TO DO ▸ For the listing below, output exactly the lines from the line with "Настільна декоративна прикраса" up to and including the line with "Los Angeles Dodgers", and no other lines.

ENTRIES SHOWN ▸
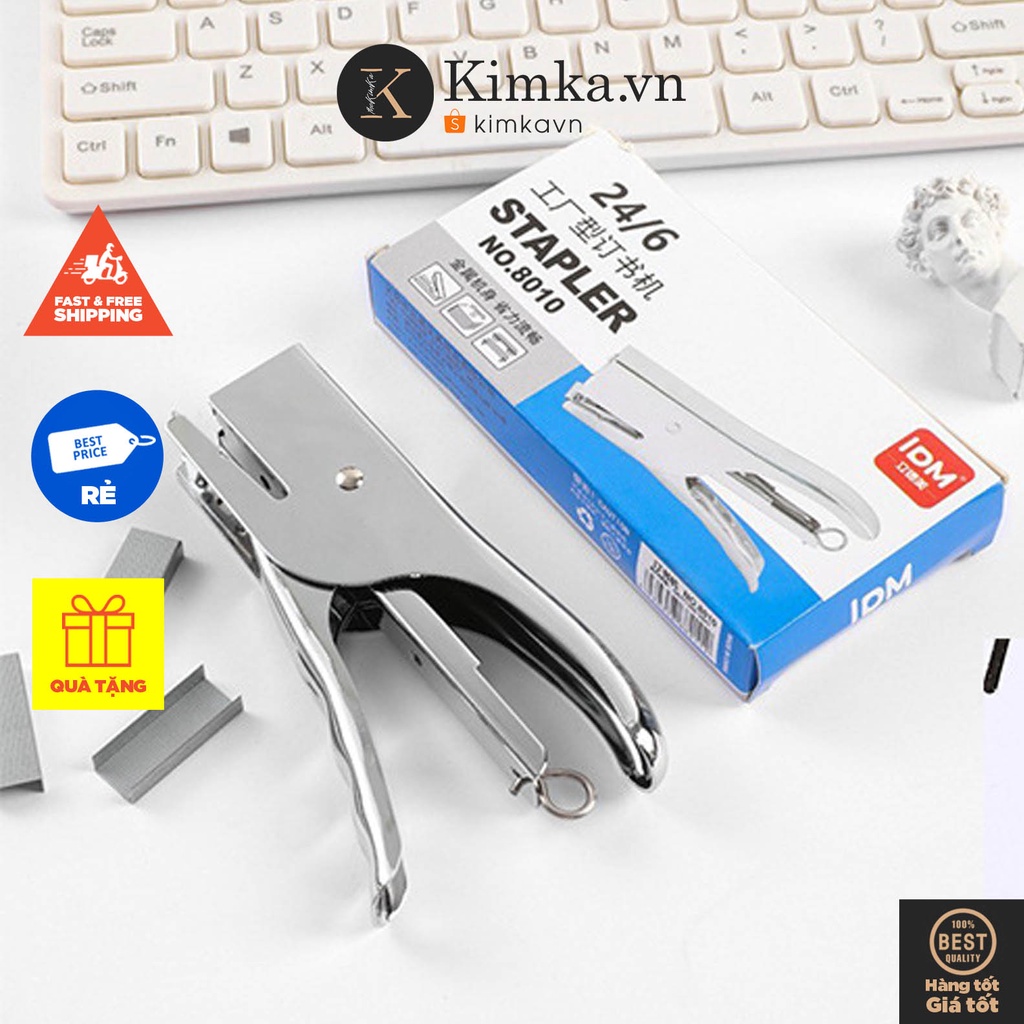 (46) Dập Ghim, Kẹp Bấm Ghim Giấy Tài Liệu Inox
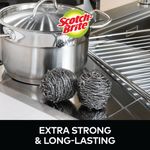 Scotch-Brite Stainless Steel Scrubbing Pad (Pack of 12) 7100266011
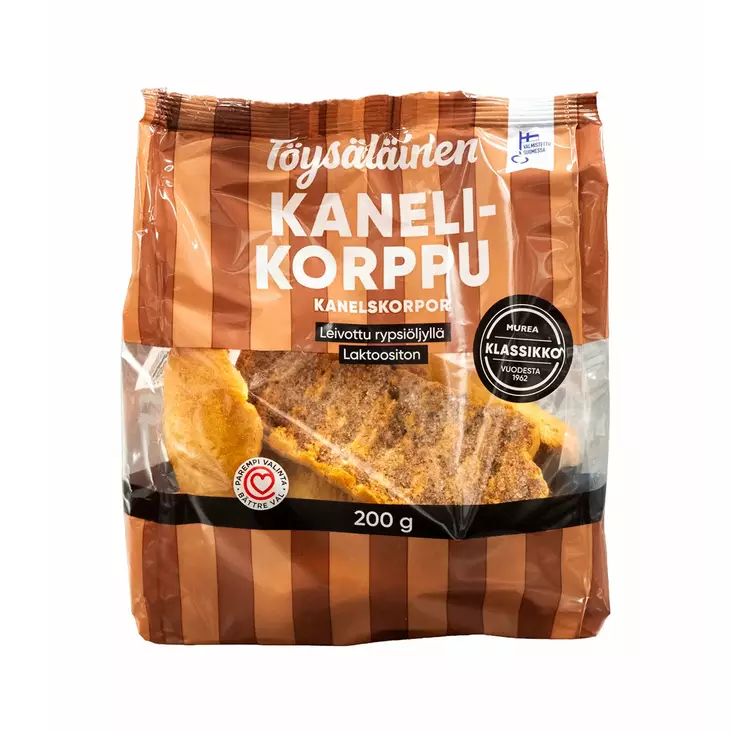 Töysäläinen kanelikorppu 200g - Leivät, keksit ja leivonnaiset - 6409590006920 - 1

...

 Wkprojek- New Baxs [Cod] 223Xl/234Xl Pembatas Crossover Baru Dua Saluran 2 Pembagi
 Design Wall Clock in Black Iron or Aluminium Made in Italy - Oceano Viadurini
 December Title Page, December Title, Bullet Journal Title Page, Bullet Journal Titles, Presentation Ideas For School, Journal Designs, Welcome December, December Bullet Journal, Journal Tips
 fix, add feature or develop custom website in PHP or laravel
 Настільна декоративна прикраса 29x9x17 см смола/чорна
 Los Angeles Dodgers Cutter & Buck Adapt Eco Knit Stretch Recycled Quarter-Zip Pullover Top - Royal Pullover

RESPONSE ▸
 Настільна декоративна прикраса 29x9x17 см смола/чорна
 Los Angeles Dodgers Cutter & Buck Adapt Eco Knit Stretch Recycled Quarter-Zip Pullover Top - Royal Pullover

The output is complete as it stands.